This is not a new story. History bears it out. Over and over. Racism, xenophobia and bigotry are percolating right now, waiting for an opportunity to spread in haste. This is why it’s so crucial to vote Remain. A Leave vote empowers people with deplorable views, who will take a victory as vindication for their thoughts and actions. The nuance of many good intentioned leave voters will be lost in a sea of dangerous patriotism and rising exceptionalism.

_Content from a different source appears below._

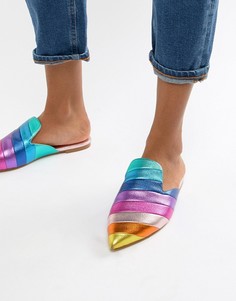Мюли на плоской подошве с оттенком металлик Kurt Geiger - Мульти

It’s only in the last few days that I have come to terms with the enormity of the decision the people of Britain will face. It’s been described as a once in a lifetime decision, but really it’s a decision that will take a lifetime to understand. For all the good economic arguments for staying in the EU, for me personally, it comes down to ideology and philosophy. I don’t want to live in a country that regards itself as superior. Or a nation that is isolationist; who looks inward, and views outsiders with suspicion. I want to belong to something more majestic; to be connected to cultures different to mine, who work together for the betterment of many nations, not just their own. I want to gaze outward and see others with empathetic eyes; with humility and curiosity; and to offer safe haven to those in need. I can choose to do that. We can choose to do that. Britain can choose to do that.
Whatever the result on 23rd June, the end of the story this is not. Without continuing to pressure our government and the EU, change will not come to the extent that anyone wants, whether we vote In or Out. To casually sit back in jubilation after victory, or slump in sadness after defeat, would be a colossal mistake. The battle for the soul of Britain has been, is being and will always need to be fought.